### Exercise prompt
Please set down exactly the lines from the one containing "FARM Rio Boho" through the last line of the records below, both included, with no pictures.

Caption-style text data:
========================================

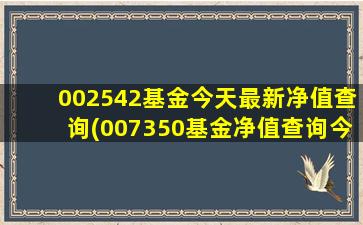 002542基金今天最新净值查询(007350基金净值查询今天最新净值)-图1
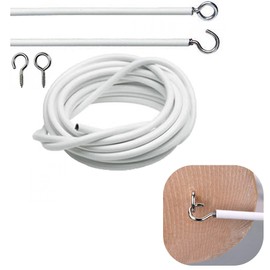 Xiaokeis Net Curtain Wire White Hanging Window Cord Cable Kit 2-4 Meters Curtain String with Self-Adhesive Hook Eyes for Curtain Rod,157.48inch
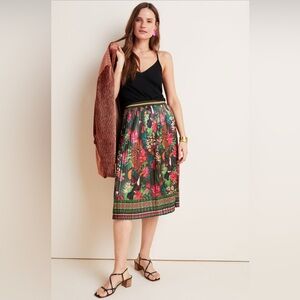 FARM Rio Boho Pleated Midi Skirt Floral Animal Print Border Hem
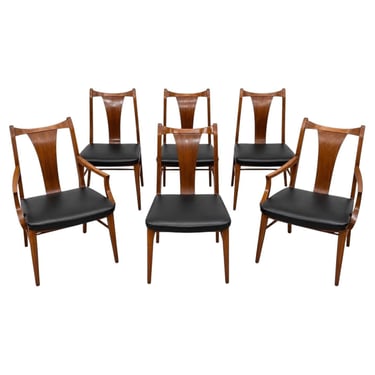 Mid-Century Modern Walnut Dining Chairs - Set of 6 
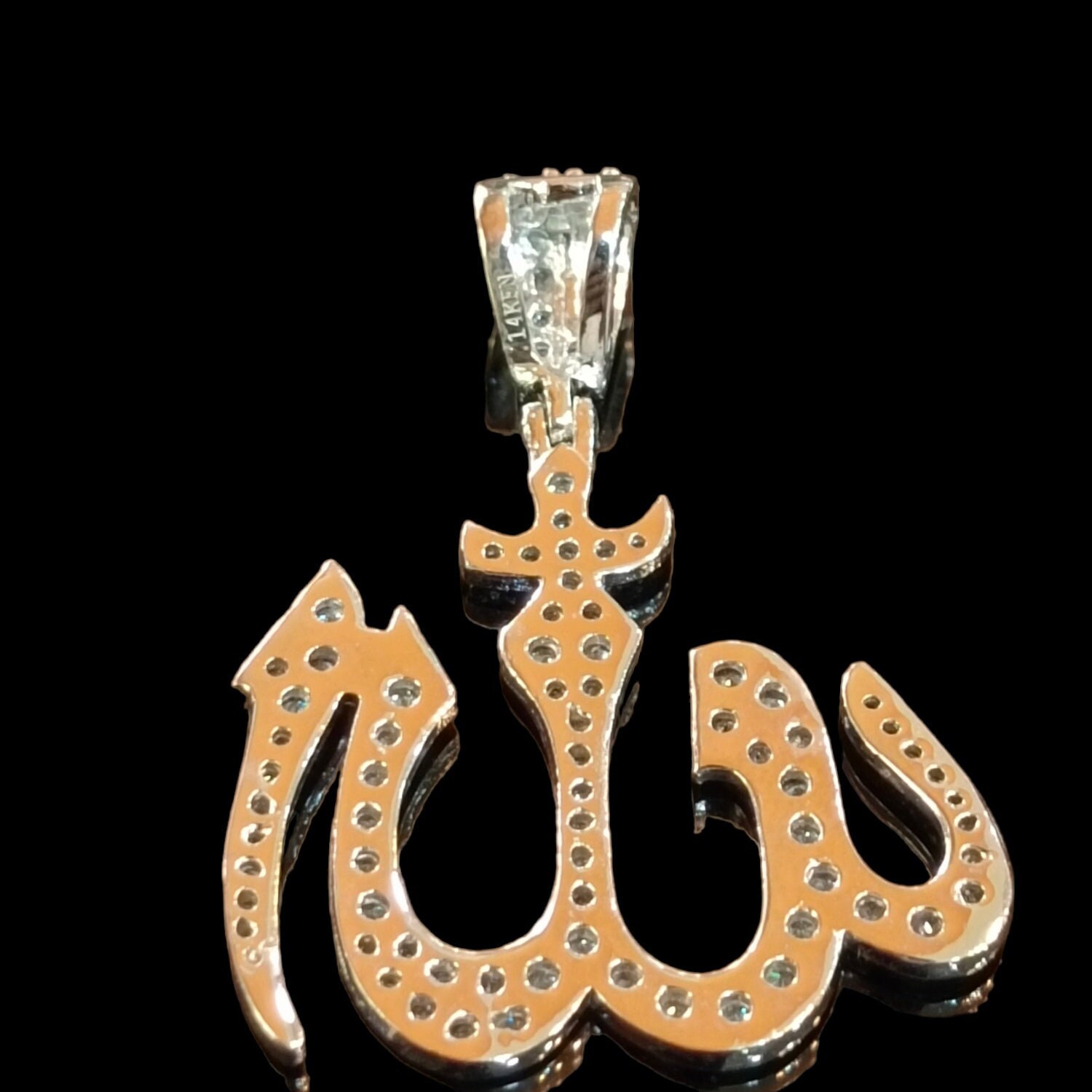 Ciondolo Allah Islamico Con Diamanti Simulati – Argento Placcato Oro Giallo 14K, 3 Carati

========================================

### Reply to the task
 FARM Rio Boho Pleated Midi Skirt Floral Animal Print Border Hem
 Mid-Century Modern Walnut Dining Chairs - Set of 6 
 Ciondolo Allah Islamico Con Diamanti Simulati – Argento Placcato Oro Giallo 14K, 3 Carati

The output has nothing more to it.